Вдруг все мысли выветрил воздушный поток, который принес шепчущий вздох. Дважды они слышали его в долине, и ничего хорошего он не предвещал.
— Опять этот голос, — Сетар повернулся к Будору. — Надо найти остальных, я не вижу их огней.
— Пока они без нас обойдутся, — ответил воин с несвойственным ему коварством и бросил факел к ногам. — Без вас обойдутся и вовсе.
Сетар заметил, что они находятся на обособленном острове. Обе дорожки, подходившие к нему, вели назад. И путь назад перегородил Будор. Его щит и палаш были подняты в боевой стойке, а в глазах пылал огонь. Поймав их гневный взгляд, Кителиа обомлела от испуга и спряталась за спиной друга.
— Ты не перепутал нас с едой, приятель? — пошутил Сетар, хотя понял, в чем дело. — Опомнись, не слушай колдовских приказов!
— Я больше никого не слушаю! — рявкнул наемник. — Все думают, я туго соображаю. А я один распознал твой замысел, — он подступил на шаг, и дружинник обнажил свое оружие, — ты хочешь забрать нашу Ярнею! Я тебе не позволю!
Под крик Кителии Будор набросился на противника, ожидая скорой расправы над ним. Но Сетар вспомнил «главное правило защиты» Борвола, своего вожака и мастера меча: «Центр лезвия всегда перед глазами». Он следовал ему и быстрыми поворотами в воздухе легкого клинка отражал град выпадов, которым осыпал его боец Ветра.
И все же долго так продолжаться не могло: обезумевший Будор не чувствовал усталости, а руки Сетара стали тяжелеть. Он отступил и остановил жестом солдата Ярости.
— Ты прав, — задыхаясь, говорил он. — Я вас обманывал, но это дело только между нами. Пусть Кителиа уйдет, она здесь ни при чем.
— Конечно, почему нет? — воин согласился слишком просто.

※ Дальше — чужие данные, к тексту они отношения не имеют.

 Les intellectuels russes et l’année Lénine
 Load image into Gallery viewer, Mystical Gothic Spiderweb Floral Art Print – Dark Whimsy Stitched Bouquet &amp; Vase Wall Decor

Сетар силой вытолкнул потерявшую дар речи девушку вперед. Будор сделал вид, что пропускает ее, но когда она проходила мимо, он внезапным ударом щита отбросил ее к краю острова. У Кителии сбилось дыхание, и она не могла подняться.
— Отпустить ее, чтоб позвала моих друзей, ослепших от твоего очарования? — воин оскалился. — Ты, верткий подонок, все еще принимаешь меня за дурака! За это она умрет медленно.
Он напрасно произнес последние слова. Взор Сетара заволокло пеленой, а меч задрожал от напряжения его рук. Подняв клинок над головой, он с дикой быстротой начал сам осыпать противника могучим ударами. Тот лишь успевал подставлять щит и о нападении мгновенно забыл.
— Что за черт?! — кричал Будор. — Так нечестно, ты не умеешь! Ты должен был сдохнуть!
Еще серия ударов, и его щит полетел в пропасть. Солдат помотал головой.
— Все, остановись! — взмолился он, обуздав свою ярость. — Это был щит, все из-за него!
Сетар не стал его слушать. Следующим движением он выбил его оружие и занес меч для решающего удара. Но снова этот неведомый голос.